3.A prior warning would not have caused the plaintiff not to step on the patio roof. The plaintiff's fall was an unanticipated accident. To that end:
(a)There was no evidence that the plaintiff thought that the laserlite was safe to walk on and no evidence that he would not have stepped back if he had been told it was not safe to walk on.
(b)The risk of falling through the patio roof was an obvious risk because it was a roof and the plaintiff knew its composition to be laserlite or alternatively did not know and a reasonable person would not have concluded that it was a surface to step or walk on.
(c)The plaintiff stopped with his back to the edge of the veranda roof and did not look where he was going when he stepped backwards and onto the patio roof.
4.As to the claim pursuant to the OLA the defendants:
(a)deny that the laserlite panels were a danger;
(b)say that the obvious function of the panels was as a roof over the patio and not as a surface to step or walk on;
(c)say that there was no need or expectation for anyone to step or walk on the panels;
(d)say that any danger to the plaintiff was the method implemented by the plaintiff and Clifton to carry the unit from the roof, which method was outside the control of the defendants.

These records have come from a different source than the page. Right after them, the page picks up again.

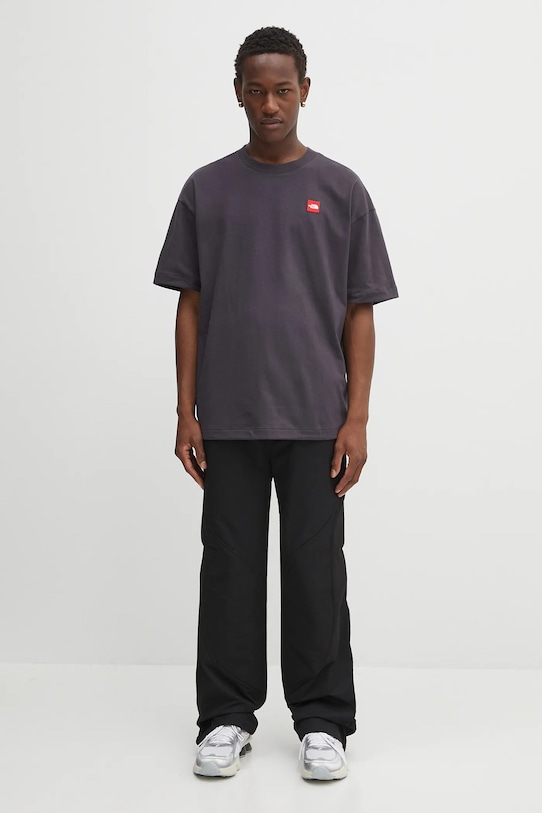 Βαμβακερό μπλουζάκι The North Face Redbox NF0A8EG50SA1 γκρί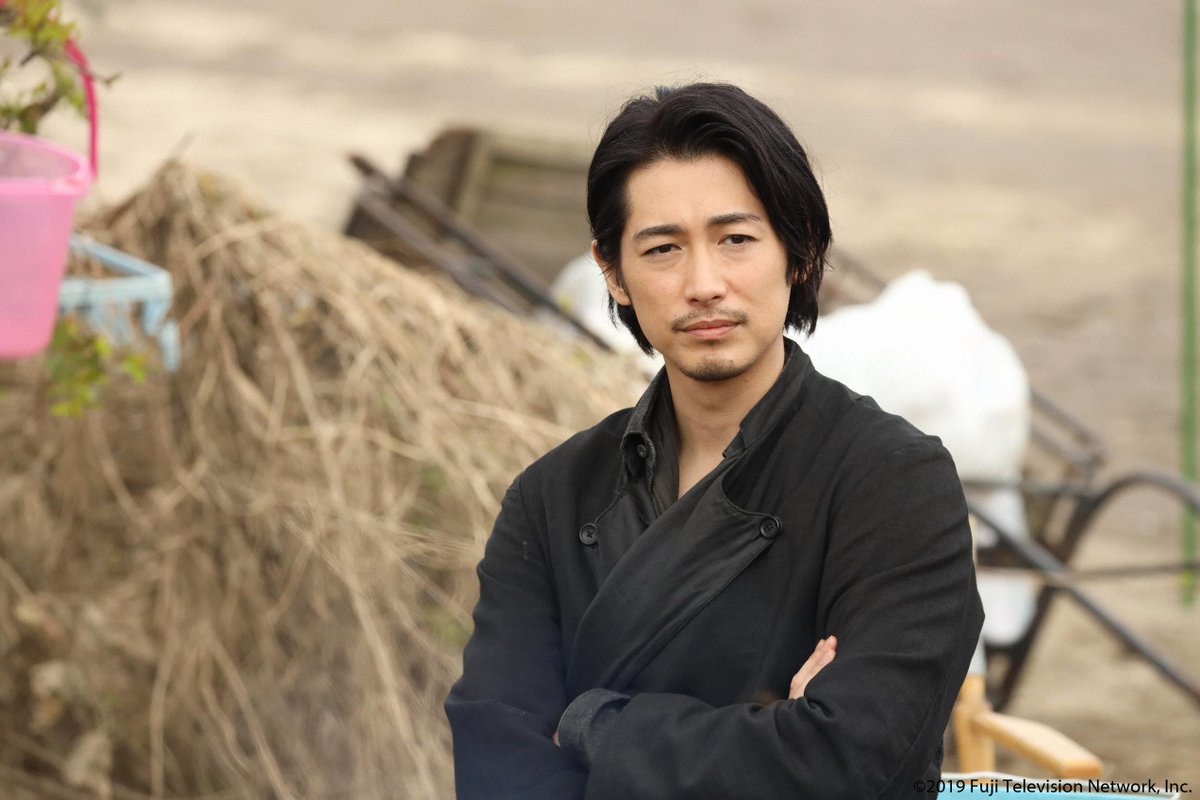 과거 대도로 활동을 했었던 치매에 걸린 할아버지가 행방불명이 되자 어린 손자 토라오는 납치라고 주장하며 시시오에게 사건을 의뢰한다. 미스터...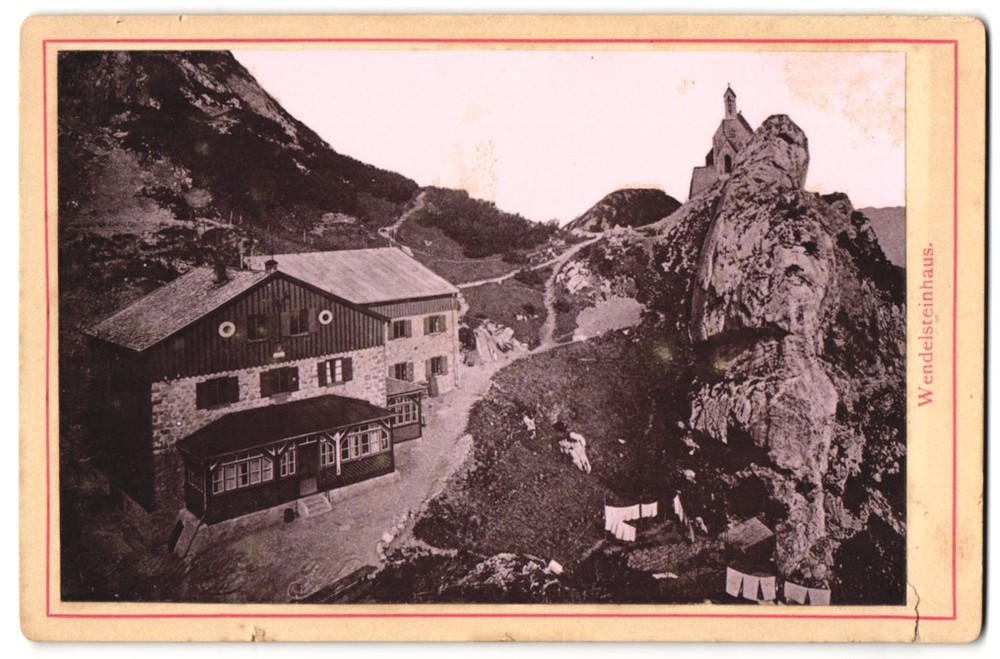 Photography Bayrischzell, Wendelsteinhaus, view of the Berghaus with Chapel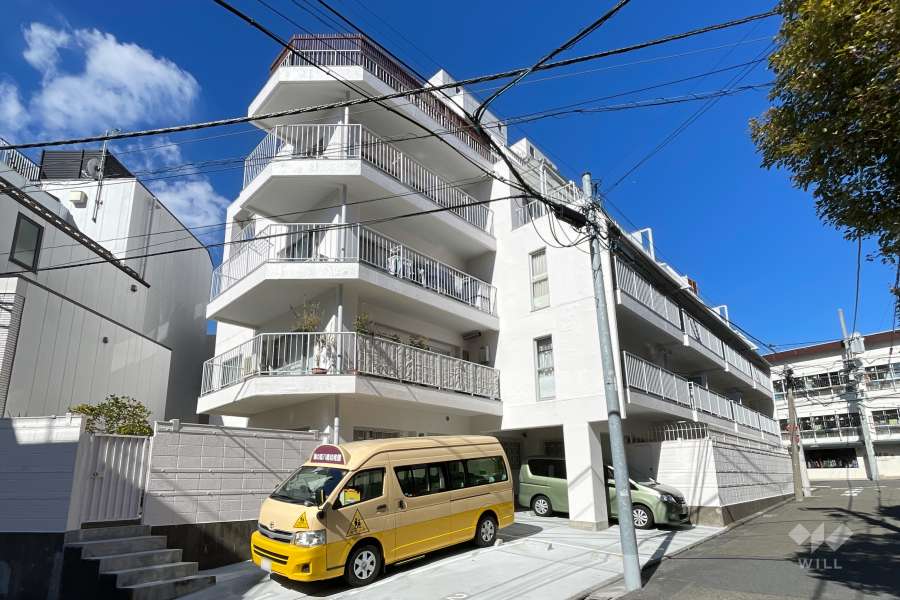 ハイツ千駄ヶ谷の外観（南東側から）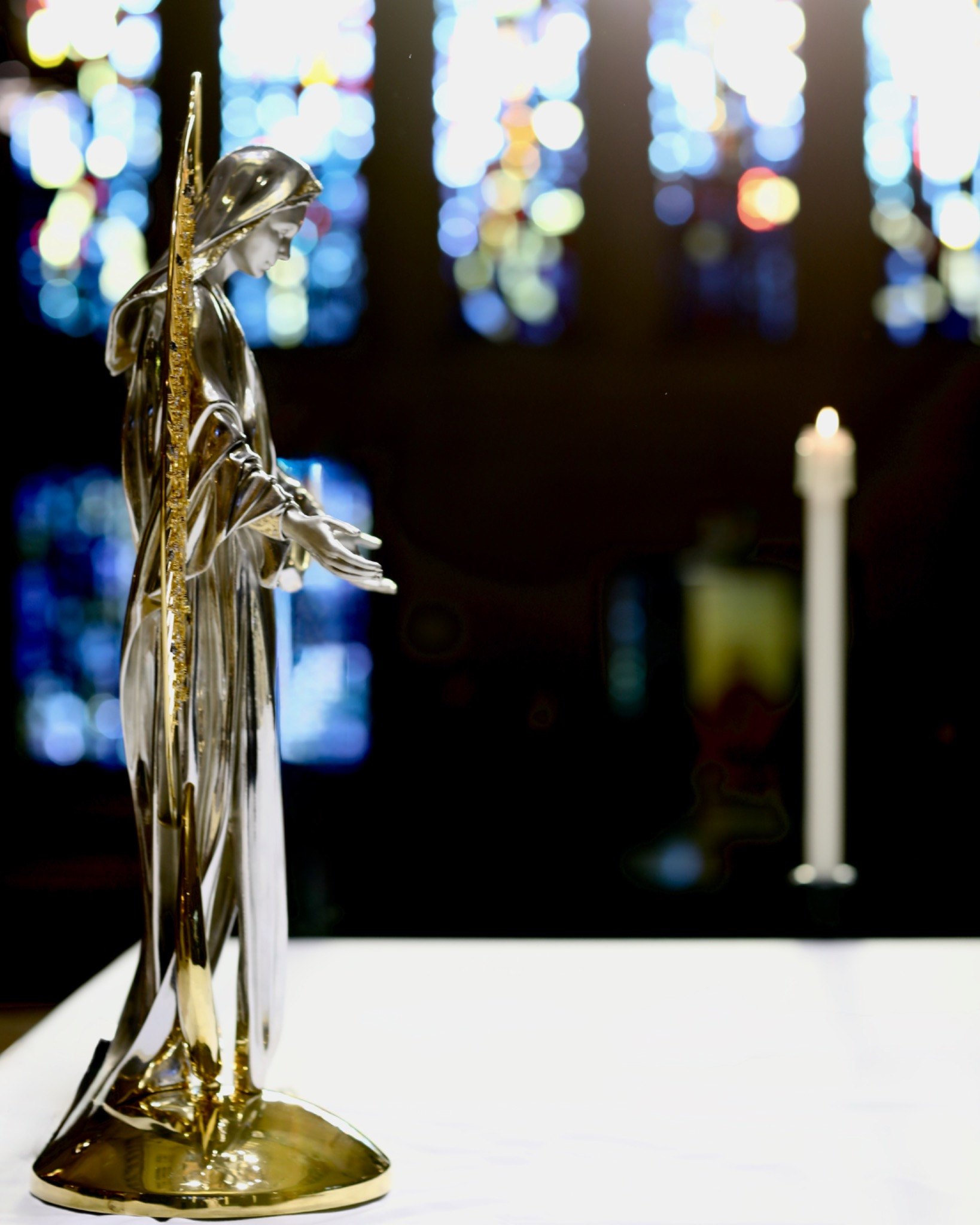 Profile of the Marian monstrance against stained glass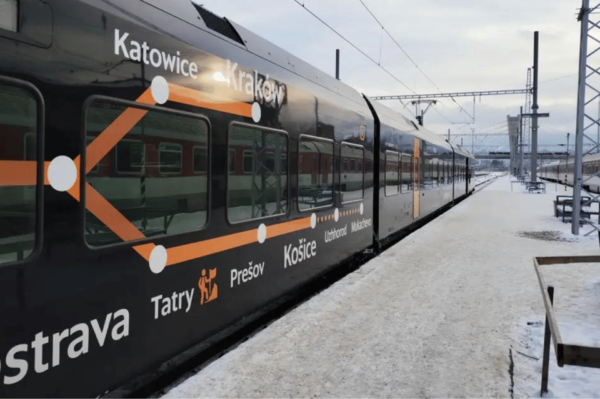 Prague: Express Train From/To ŠTrba - Scenic Stops Along the Route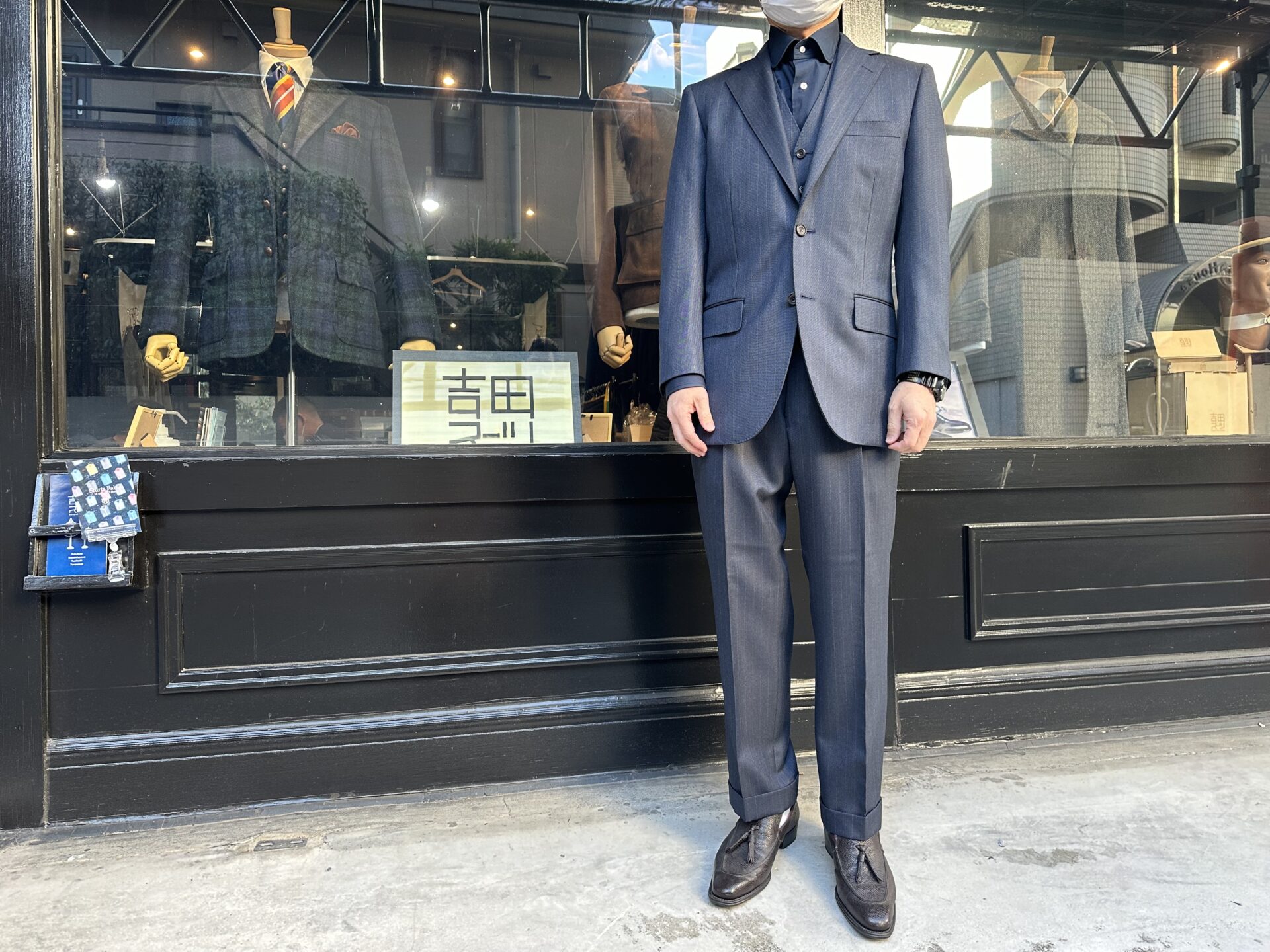 肌触りの良いピケ生地スーツ IMG_5011.jpg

5.In addition the defendants say that the plaintiff's injury resulted from an obvious risk to which the provisions of s 5E, s 5F, s 5M, s 5N and s 5O of the Civil Liability Act 2002 (CLA) apply. The risk of fall from stepping backwards without looking where one is going while at height or walking on a roof that was not established and known to be safe to walk on was an obvious risk. By reason of s 5O of the CLA the defendants did not owe a duty of care to the plaintiff to warn him about that risk.
Scope of works
Relevant to the matters the subject of the plaintiff's claim I do not consider that the scope of works in which the plaintiff and Clifton were involved were extended in the manner contended by counsel for the plaintiff.
The removal of the leaves from the gutter was a task which Clifton offered to undertake because he had nothing to do until the unit was unbolted from the roof by the plaintiff. When the first defendant was present the plaintiff was on the tiled roof where the unit was located. There was no indication to the first defendant that the plaintiff would participate in the removal of leaves.
The cracked tiles to which reference was made whether by the plaintiff or Clifton to the first defendant were the tiles in the immediate proximity of the unit. There was no indication from the plaintiff or Clifton to the first defendant that what they intended was to replace cracked tiles on the roof generally which might take either of them near the patio roof.
Issues to be determined
1.Did the defendants owe a duty of care to the plaintiff?
2.Was the risk to the plaintiff if he stepped onto the patio roof which would not hold his weight resulting in him falling and sustaining serious injury an obvious risk and if so did the defendants owe the plaintiff a duty to warn him of the risk given pt 1A div 6 of the CLA?
3.If the risk was not an obvious risk, did the defendants owe the plaintiff a duty to warn him that the patio roof was constructed of laserlite panels and that if he stepped onto them they would not hold his weight and he could fall and sustain serious injury?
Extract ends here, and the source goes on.